Yang Seeks Fine-grained Understanding of Sediment Transport

Judy Yang, Assistant Professor in CEGE, received an NSF Grant in excess of $300,000 for her project “Collaborative Research: Grain to Channel Scale Experimental and Numerical Investigation of Cohesive Sediment Transport.”

Each year, erosion leads to billions of dollars in lost property and large areas of lost habitat. Restoration of these eroded areas often involves importing dirt, sand, or other sediment. The final success of restoration efforts depends on the ability of the area to retain the imported sediment. Thus, designing erosion restoration projects requires a fine-grained understanding of how soil and sediment are affected by the movement of water.

Environmental and Water Resource Engineers have established methods for predicting the transport of non-cohesive sediment, such as sand and gravel. However, it remains difficult to predict the transport of cohesive sediment, which consists of very fine particles because they tend to stick together and form aggregates. These aggregates greatly change the effective size of the particles and their interaction with the flow.

Clay and mud are ubiquitous in aquatic ecosystems, making it very important to understand how fine cohesive particles form aggregates, and how the process of aggregation controls the transport of sediment in water.

Judy Yang’s project will work to develop understanding and predictive equations for cohesive sediment transport. Yang’s study will directly address the key challenges that currently inhibit understanding of these processes, namely those related to the multiple scales (micro- to mezzo-) and multiple physical fields (fluid dynamics, aggregation, structural deformation, etc.) involved in cohesive sediment transport dynamics. The results of Yang’s study will help improve designs for restoration projects to mitigate loss from erosion.

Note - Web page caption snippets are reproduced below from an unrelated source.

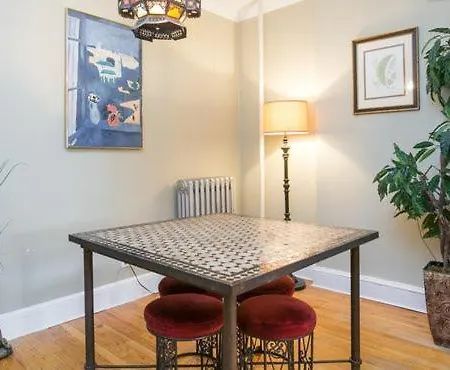 Lefferts Manor 3*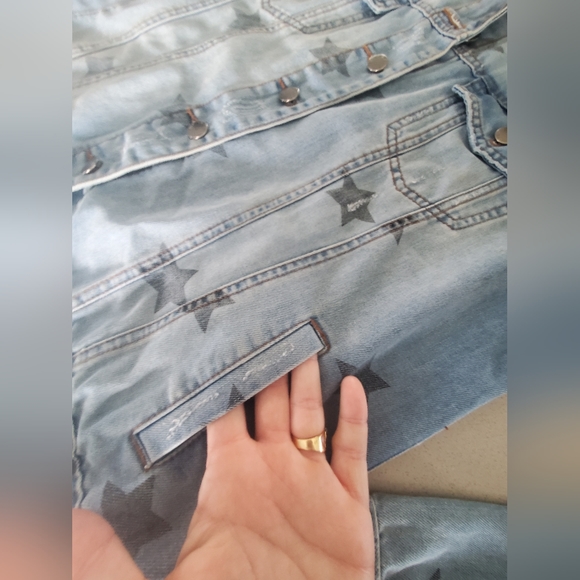 NWOT VELVET HEART Superbe veste en jeans oversize bleue claire, motifs étoilés - Picture 6 of 8
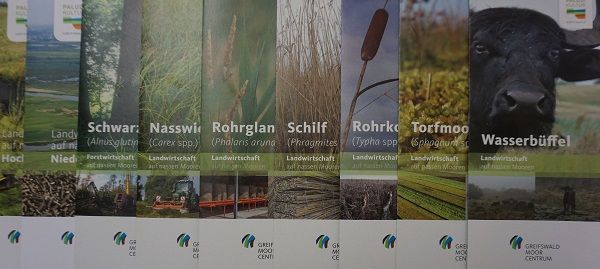 Neun Flyer zu Paludikultur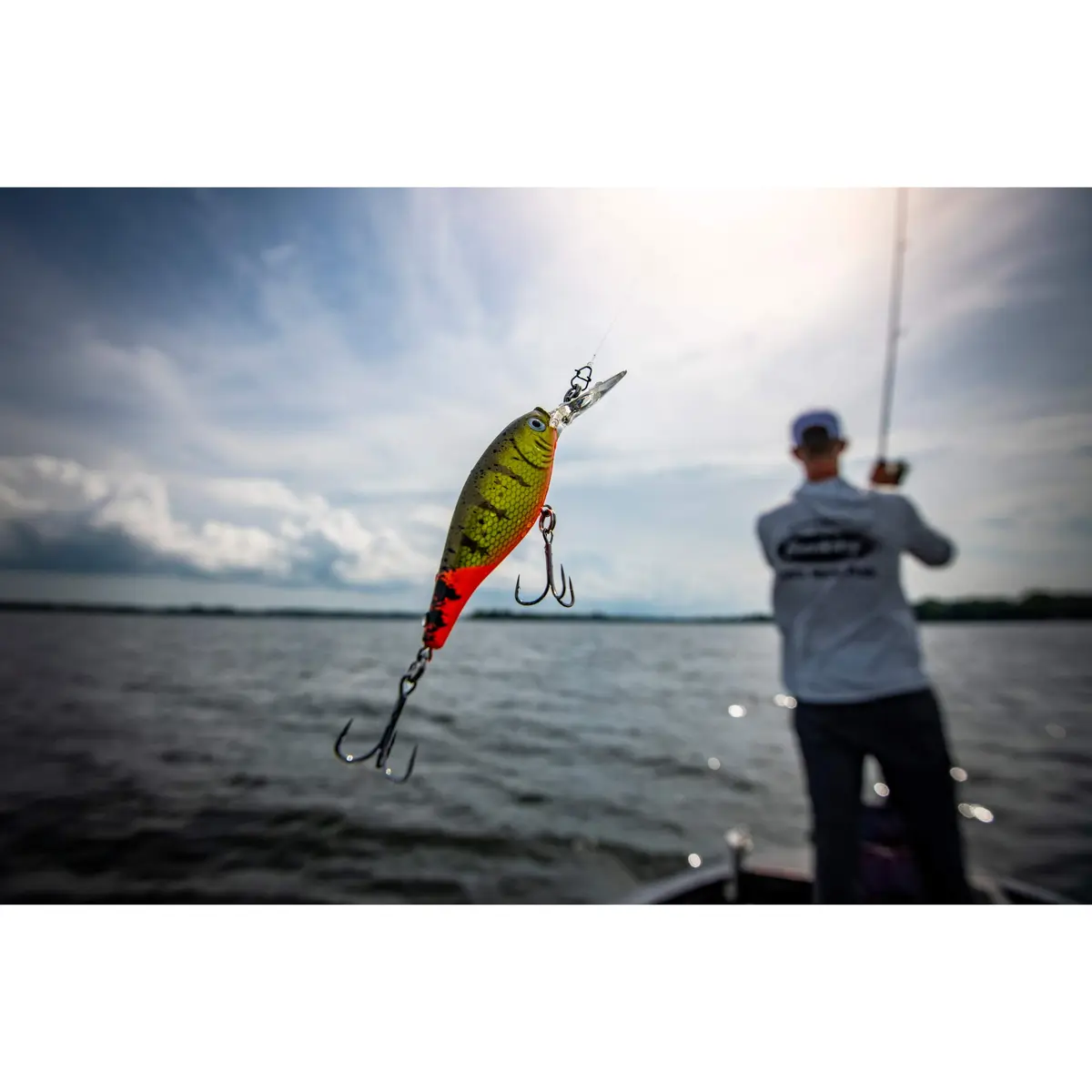 Berkley Flicker Shad Fishing Lure, Firetiger, 5/16 oz (8.8 g), 2 3/4in (7cm) | Realistic Crankbait with Fusion19 Hook - view 4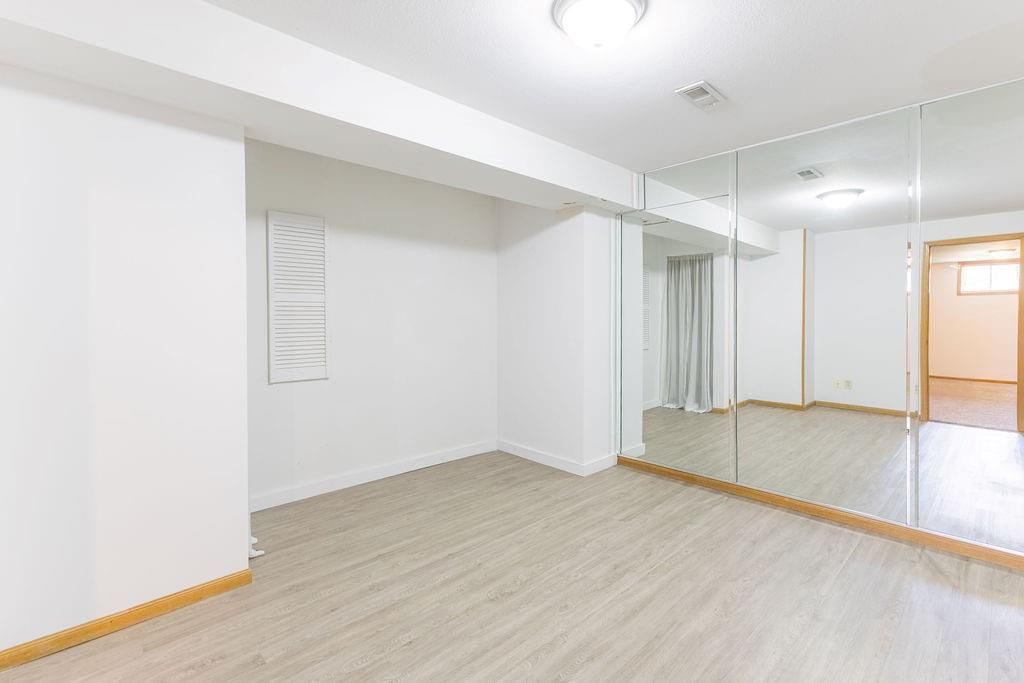 403 N Leonard Road — photo 49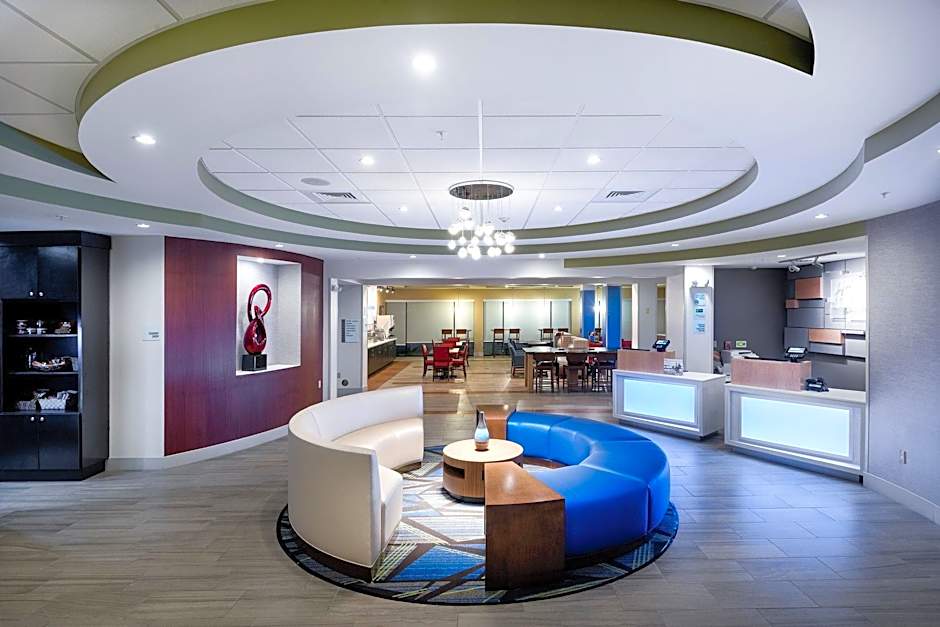 Holiday Inn Express & Suites Lakeland South By IHG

Additional components of this project include training for next-generation environmental scientists and engineers at undergraduate, graduate, and postdoctoral levels. For even broader outreach, videos about erosion will be created and disseminated to the public, along with demonstration experiments designed to raise K-12 students’ interest in environmental science.

Some of the specific approaches include nano- to micro- scale imaging, coarse-grained molecular dynamics (CGMD) simulations, micro- to mesoscale millifluidic experiments, computational fluid dynamics (CFD) simulations, channel-scale experiments in flumes and in the SAFL outdoor stream, and CFD simulations. These experiments at various scales and in multiple fields of physics will help us understand the critical impacts of clay aggregation on channel-scale cohesive sediment transport.